Chez CAVAL, nous soutenons des causes qui nous tiennent à cœur comme celle d’Handicap International. Depuis plus d’un an déjà, un don lui est fait pour chaque paire achetée. En plus, en septembre, nous proposons une édition limitée de chaussures dépareillées à leur couleur, dont 100% des bénéfices sont reversés. Ils contribuent à la collecte School for All, qui finance des prothèses pour des enfants handicapés. Enfin, nous relayons leur actualité et leurs appels aux dons, aux signatures, etc.
Créer une marque, c’est accéder à une relative notoriété. Autant profiter de celle-ci pour véhiculer des messages autrement. Faire la différence !

SW : Dans les valeurs de CAVAL, quelle importance est donnée au made in Europe ?

A : Il était inenvisageable pour nous de nous approvisionner ailleurs. Au-delà de la fabrication, nous voulions des matériaux européens, des produits traçables à tous les maillons de la chaîne. Les peaux proviennent d’Italie, le coton recyclé des lacets aussi, les textiles viennent d’Espagne... Des matières premières proches et responsables.

Talent d’Achille : la CAVALe en basquettes dépareillées

SW : Comment produit-on du cuir responsable ?

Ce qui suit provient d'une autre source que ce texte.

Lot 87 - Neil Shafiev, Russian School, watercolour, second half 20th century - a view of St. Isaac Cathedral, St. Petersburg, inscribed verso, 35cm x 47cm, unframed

A : Nos basquettes ont un impact carbone, que nous voulons le plus bas possible. D’abord, nous avons choisi une méthode de tannage sans chrome, et qui respecte les normes IFRS et l’accréditation Gold qui valorise le traitement et l’utilisation des eaux. Ensuite, CAVAL ne collabore qu’avec des fournisseurs certifiés par des écolabels premiums : Gold Rated pour le cuir, GRS pour les matériaux textiles, et GOTS pour le coton biologique.
Enfin, nous scrutons les conditions de travail. Lors d’un l’appel d’offre, les tanneries qui refusent de nous accueillir sont systématiquement exclues.

SW : CAVAL envisage-t-elle de développer une chaussure française ?

A : Le lancement est prévu pour 2021. Nous négocions actuellement avec 2 usines françaises. L’attraction derrière la marque nous permet désormais d’assurer les minimums de production. 2021 est une grande année qui s’annonce. Une année de transition marquée par l’apprentissage, le contexte socio-économique et notre propre motivation !

SW : Aujourd’hui, quels sont tes projets pour toi-même ?

A : J’écris un stand-up pour le plaisir. Je trouve l’exercice marrant ! (rires) Un autre projet est potentiellement de quitter Paris d’ici 2 ans et de préparer CAVAL à cela…

SW : Est-ce que tu épargnes aujourd’hui ?

A : Malheureusement, je ne peux pas trop me le permettre. Actuellement, tout est ré-investi dans le développement de la marque. Nous touchons chacun un salaire. Dans mon cas, celui-ci représente 2 fois le montant de mon loyer parisien pour donner une idée…
Et puis, je n’ai pas l’habitude d’épargner. Pour moi, l’argent doit circuler.

Et enfin, peux-tu compléter la phrase suivante
« Aujourd’hui plus que jamais, je veux… » ?

A : Faire de la différence la nouvelle norme.